Shizuka Miyaji

Personal information
- Full name: Shizuka Miyaji
- Born: November 4, 1981 (age 44) Nishinomiya, Japan
- Batting: Left-handed
- Bowling: Left-arm orthodox

International information
- National side: Japan;
- T20I debut (cap 7): 6 May 2019 v Indonesia
- Last T20I: 30 October 2022 v Hong Kong

Career statistics
| Competition | WT20I |
| Matches | 13 |
| Runs scored | 173 |
| Batting average | 21.62 |
| 100s/50s | 0/0 |
| Top score | 47 |
| Balls bowled | 272 |
| Wickets | 8 |
| Bowling average | 28.50 |
| 5 wickets in innings | 0 |
| 10 wickets in match | 0 |
| Best bowling | 2/19 |
| Catches/stumpings | 1/– |

Medal record
Representing Japan
Women's Cricket
Asian Games
| Bronze medal – third place | 2010 Guangzhou | Team |
- Source: Cricinfo, 8 November 2022

= Shizuka Miyaji =

Japanese cricketer (born 1981)

Shizuka Miyaji (Japanese: 宮地静香, Hepburn: Miyaji Shizuka) is a Japanese cricketer. She was a member of the Japanese cricket team which secured the bronze medal at the 2010 Asian Games which was held in China defeating the China women's national cricket team in the 3rd-place playoff.

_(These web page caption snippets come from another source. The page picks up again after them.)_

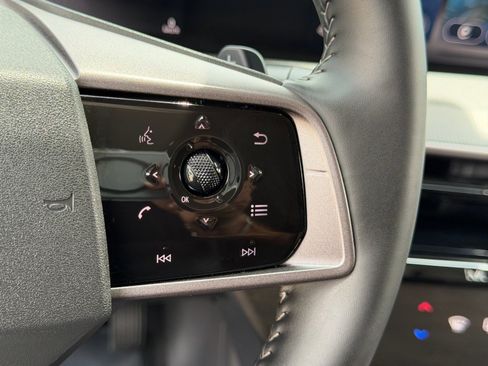 Certified 2025 Nissan Murano SV FWD image 32
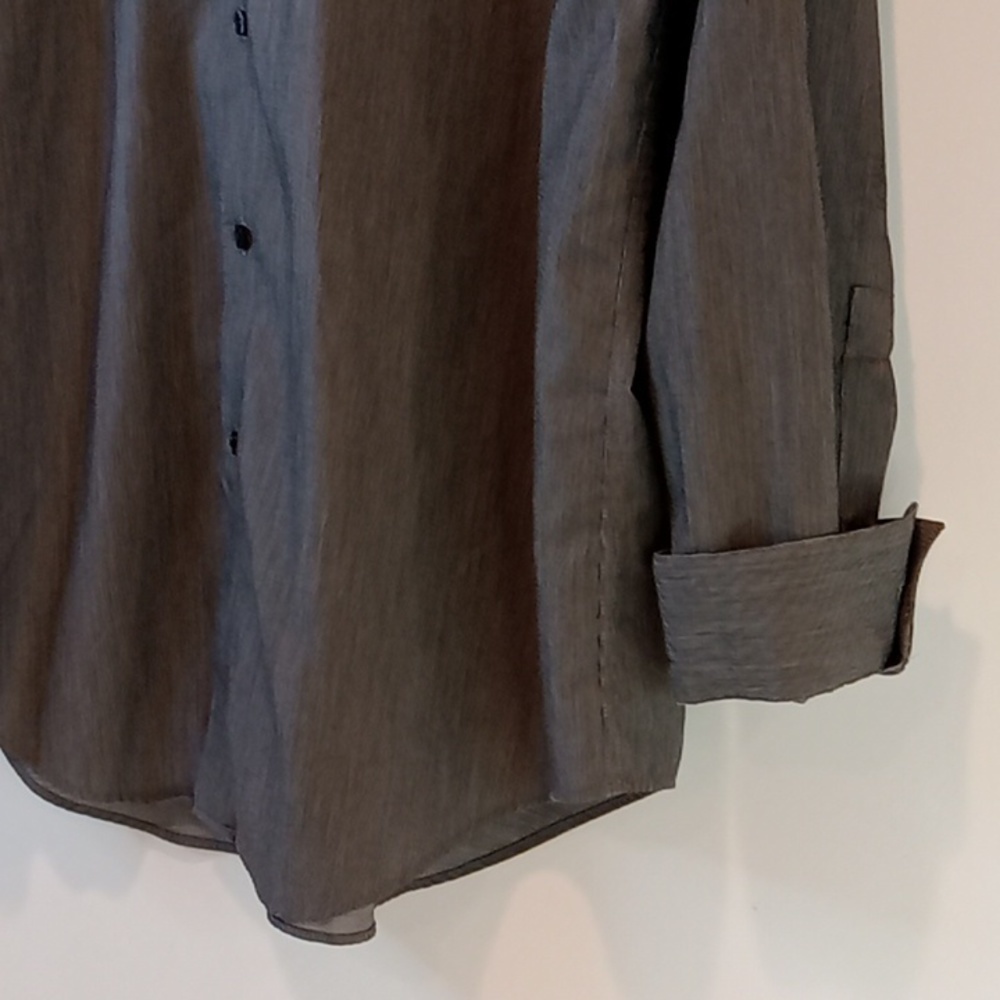 Calvin Klein Slim Fit Men's Size 17.5 34/35 Button Down Long Sleeve Shirt EUC! - Picture 5 of 16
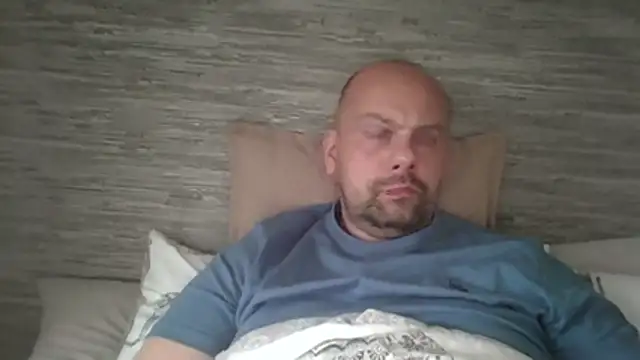 Snapshot of NakedAndrewHot chatting on May 2026 05:38:02 PM NakedAndrewHot online show from May 2026 05:38:02 PM
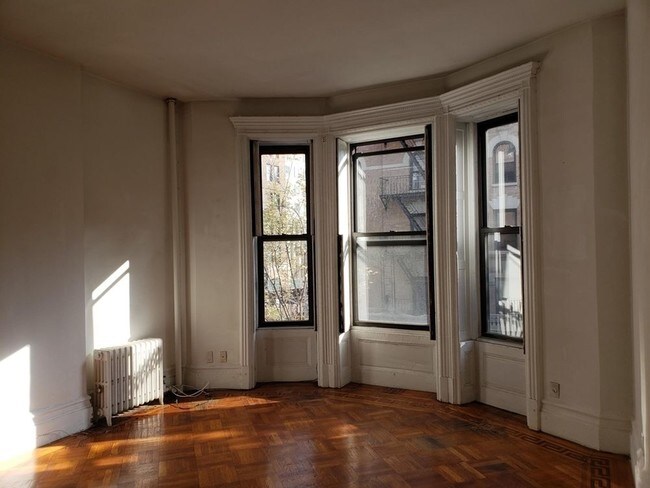 Foto del edificio - 135 E 92nd St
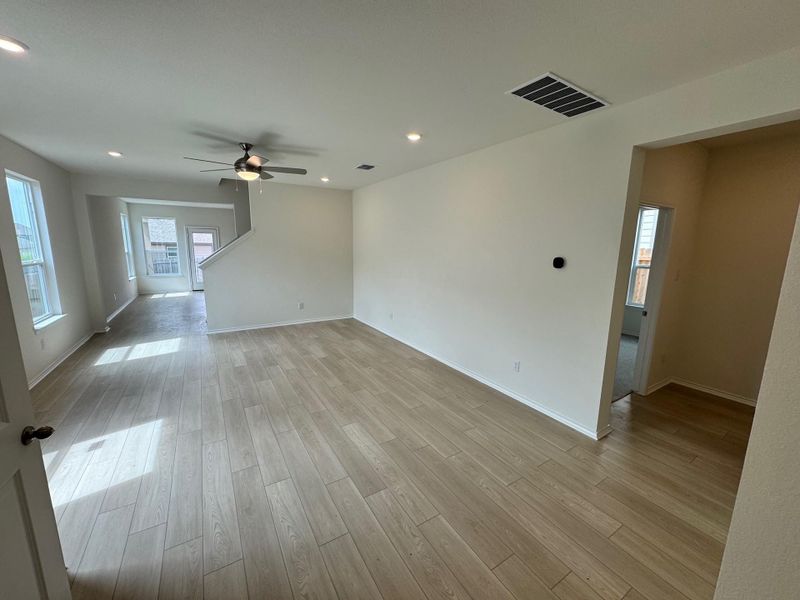 Spacious, unfurnished interior of a new home in Sonterra - Cool Water, Jarrell (Image 22). Spacious, unfurnished interior of a new home in Sonterra - Cool Water, Jarrell (Image 22).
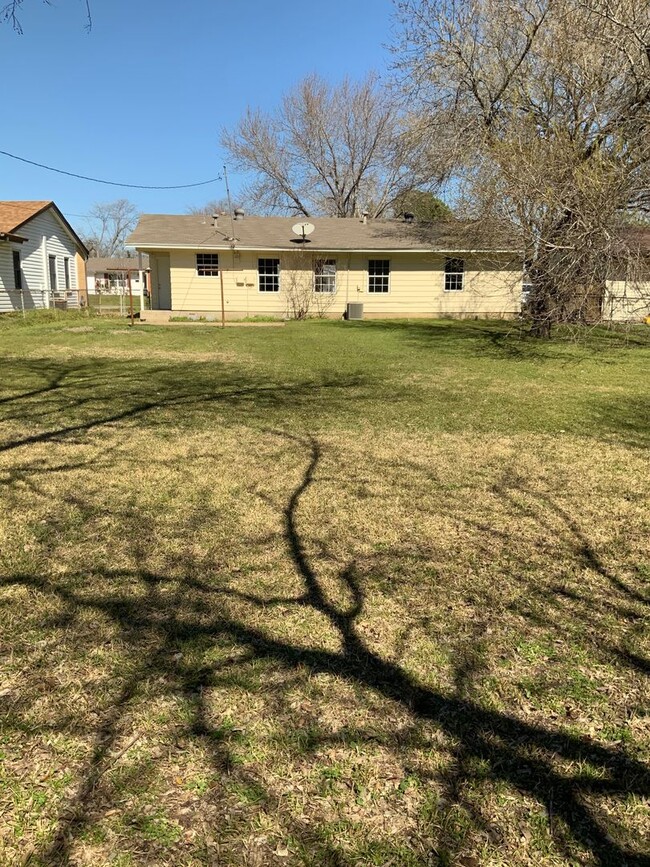 Building Photo - 3 Bedroom / 1 Bath / 1 car garage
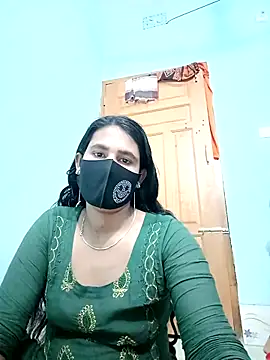 Hot-Nipa online show from March 10, 2025, 12:59 pm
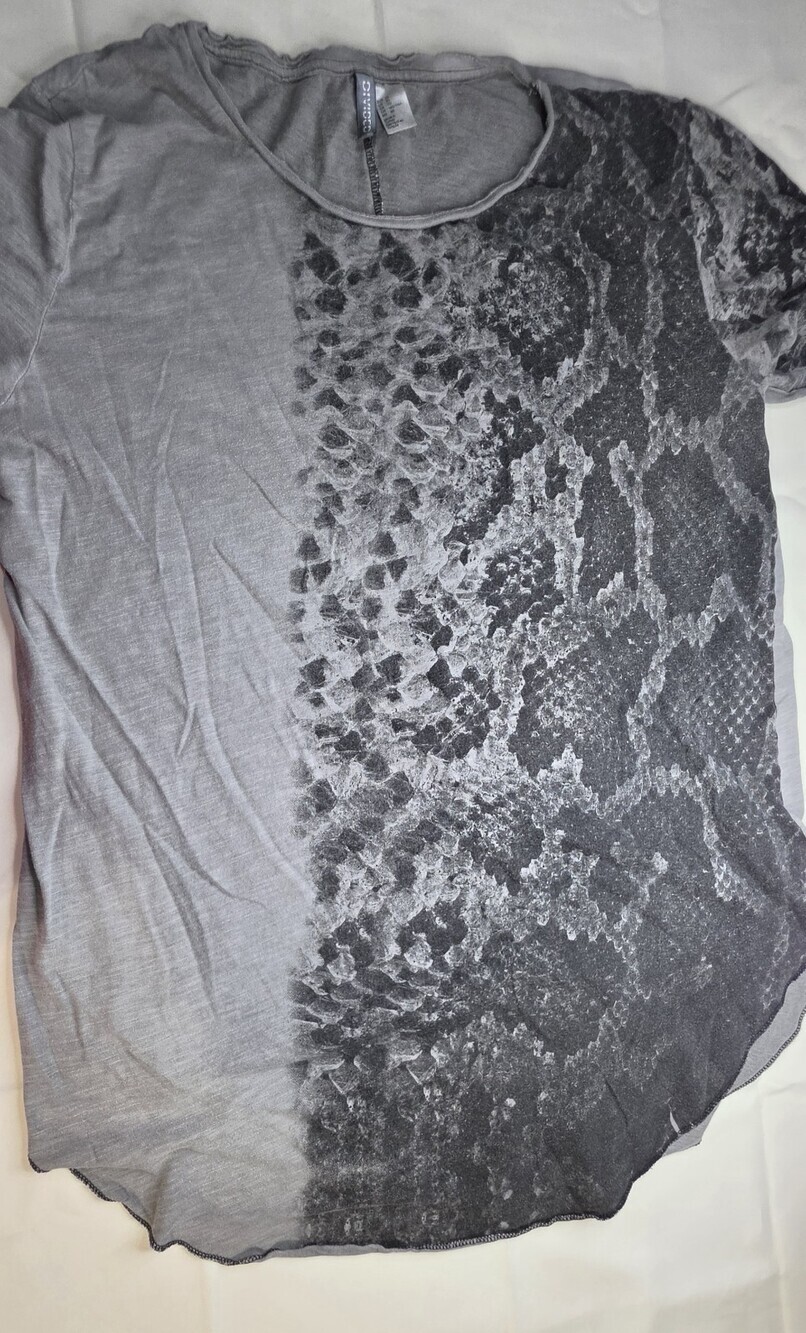Divided HM Women's Snake Print Short Sleeve T-Shirt Size XL Sku 0309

Shizuka made her One Day International debut at the 2011 Women's Cricket World Cup Qualifier. She also captained the Japanese cricket team at the 2013 ICC Women's World Twenty20 Qualifier. In April 2019, she was named in Japan's squad for the 2019 ICC Women's Qualifier EAP tournament in Vanuatu. She made her Women's Twenty20 International (WT20I) debut for Japan against Indonesia in the Women's Qualifier EAP tournament on 6 May 2019.